Image-text web data
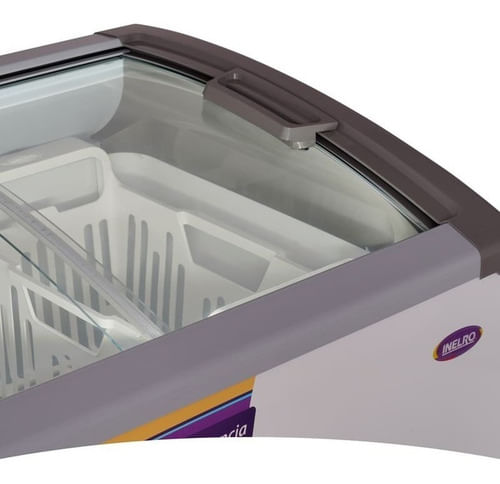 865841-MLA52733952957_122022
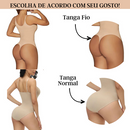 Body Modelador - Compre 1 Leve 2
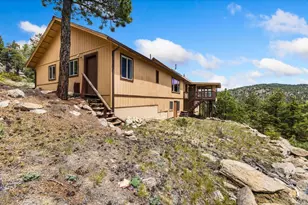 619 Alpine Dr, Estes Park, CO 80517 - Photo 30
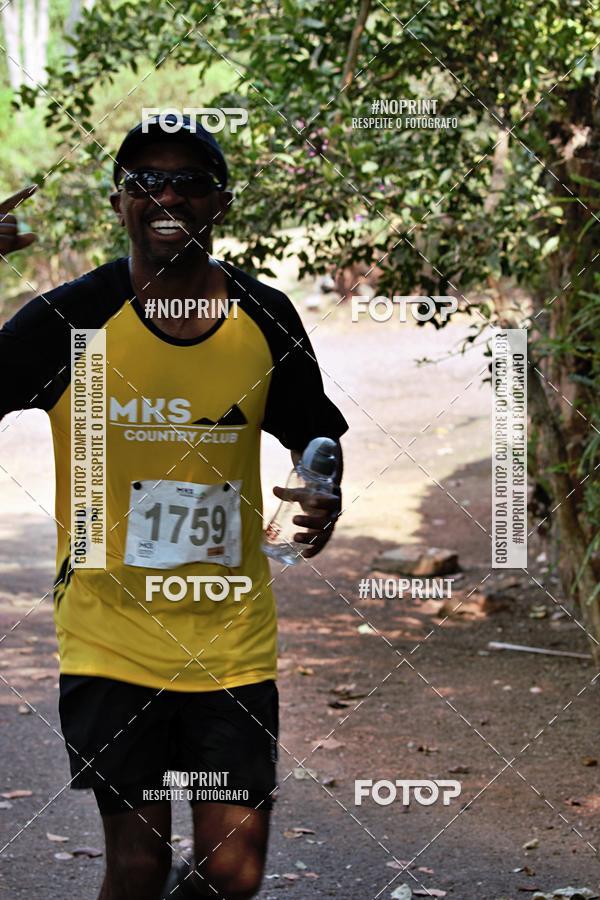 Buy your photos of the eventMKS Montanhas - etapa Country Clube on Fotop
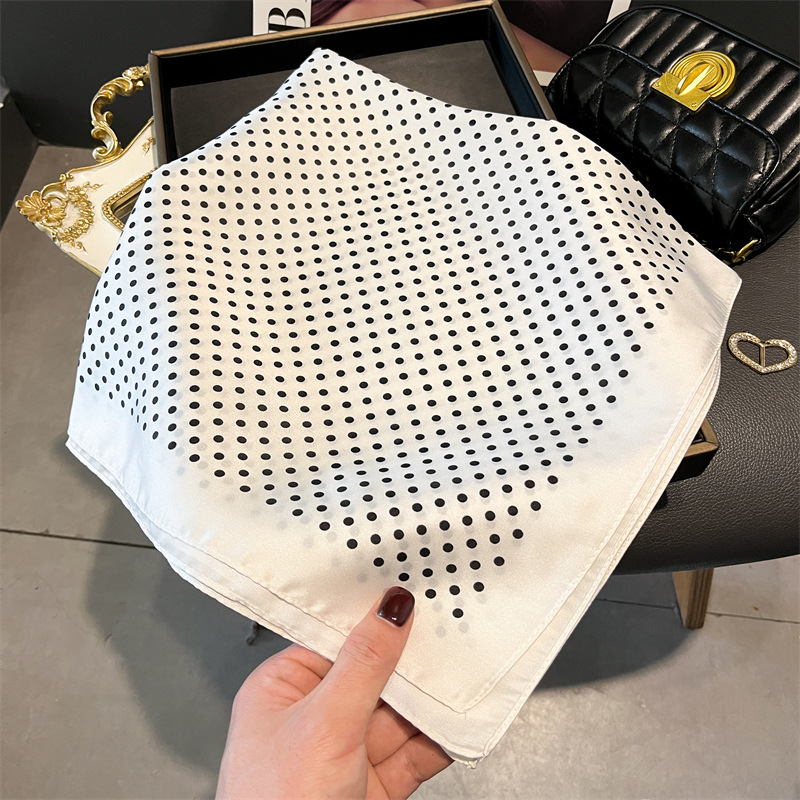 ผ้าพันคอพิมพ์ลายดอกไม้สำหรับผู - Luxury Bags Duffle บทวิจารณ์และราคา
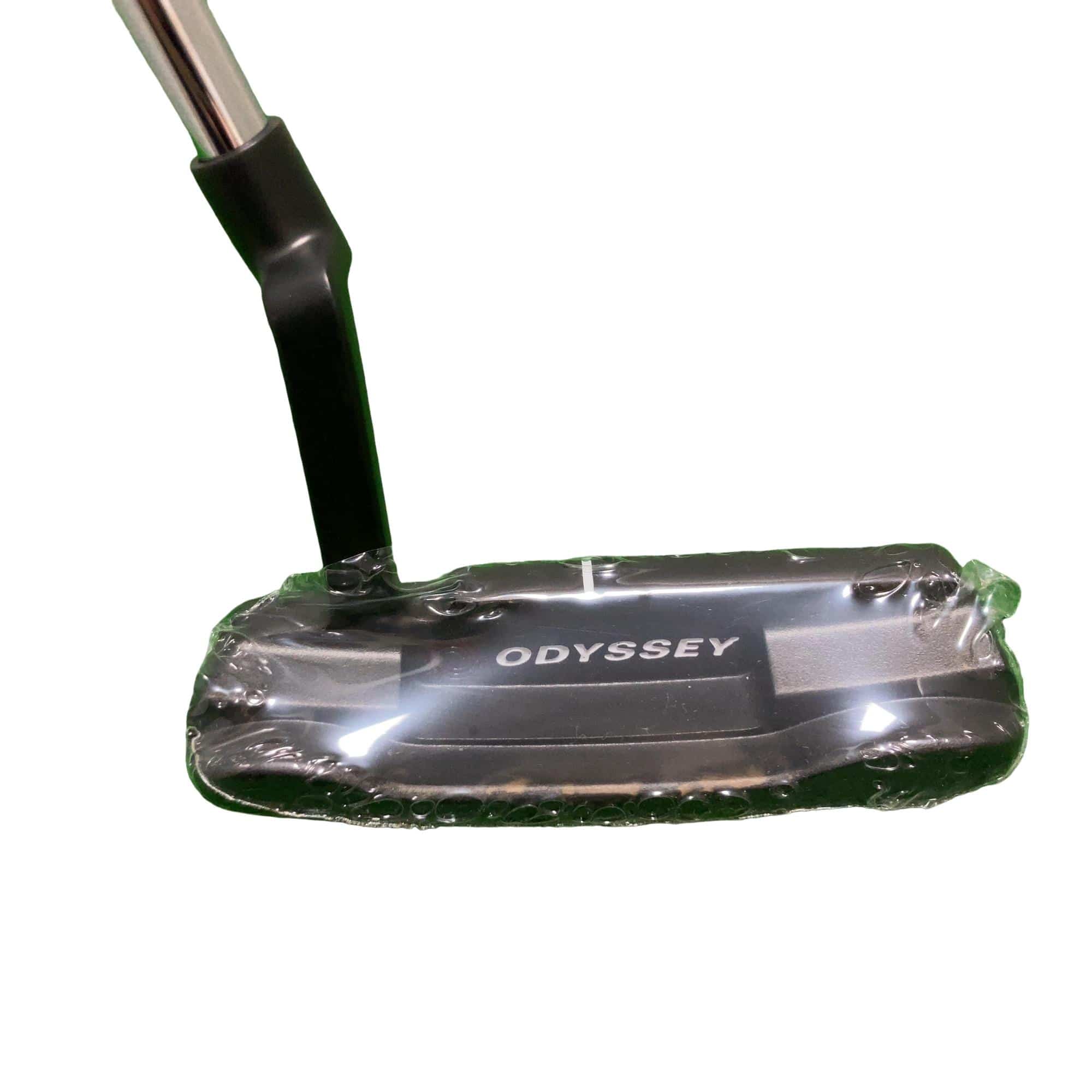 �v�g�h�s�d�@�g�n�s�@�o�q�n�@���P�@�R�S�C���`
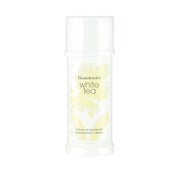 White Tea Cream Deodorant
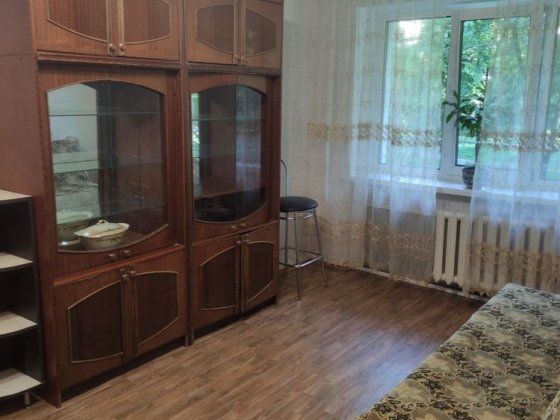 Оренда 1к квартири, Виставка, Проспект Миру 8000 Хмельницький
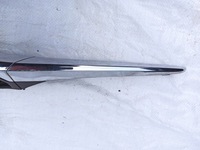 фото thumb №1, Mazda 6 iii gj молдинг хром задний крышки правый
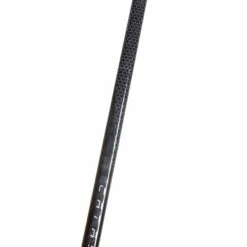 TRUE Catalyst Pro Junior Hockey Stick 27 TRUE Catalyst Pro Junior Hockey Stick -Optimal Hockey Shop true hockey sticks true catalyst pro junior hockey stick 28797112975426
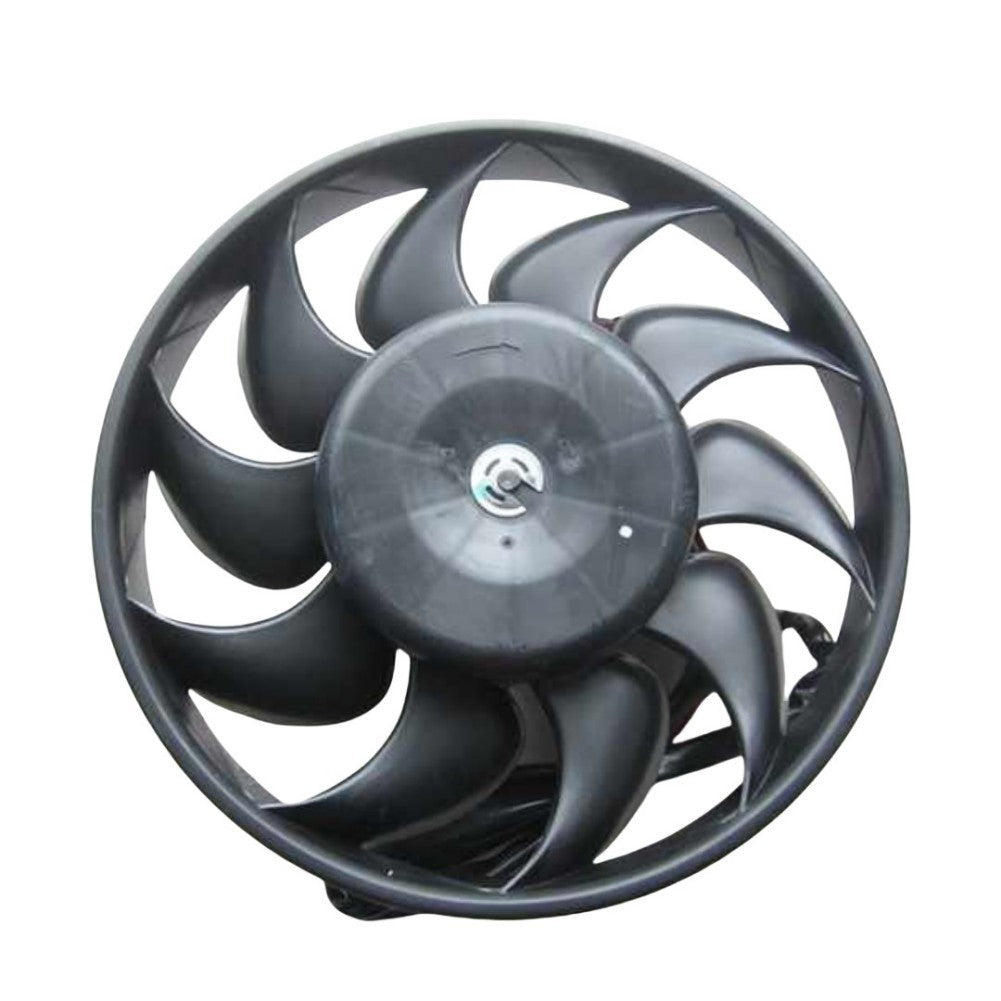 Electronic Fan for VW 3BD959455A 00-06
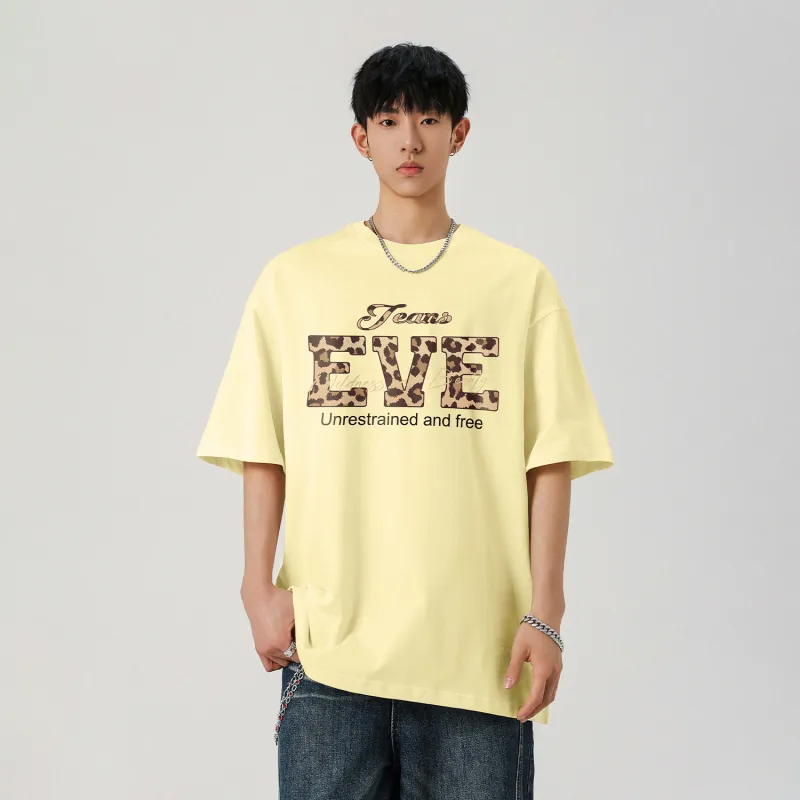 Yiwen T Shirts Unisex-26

* _Prompt_: The range to copy runs from the line with "фото thumb №1, Mazda" to the last line of the entries, both included; copy it exactly and leave out the pictures.

* _Finished task_:
 фото thumb №1, Mazda 6 iii gj молдинг хром задний крышки правый
 TRUE Catalyst Pro Junior Hockey Stick 27 TRUE Catalyst Pro Junior Hockey Stick -Optimal Hockey Shop true hockey sticks true catalyst pro junior hockey stick 28797112975426
 Electronic Fan for VW 3BD959455A 00-06
 Yiwen T Shirts Unisex-26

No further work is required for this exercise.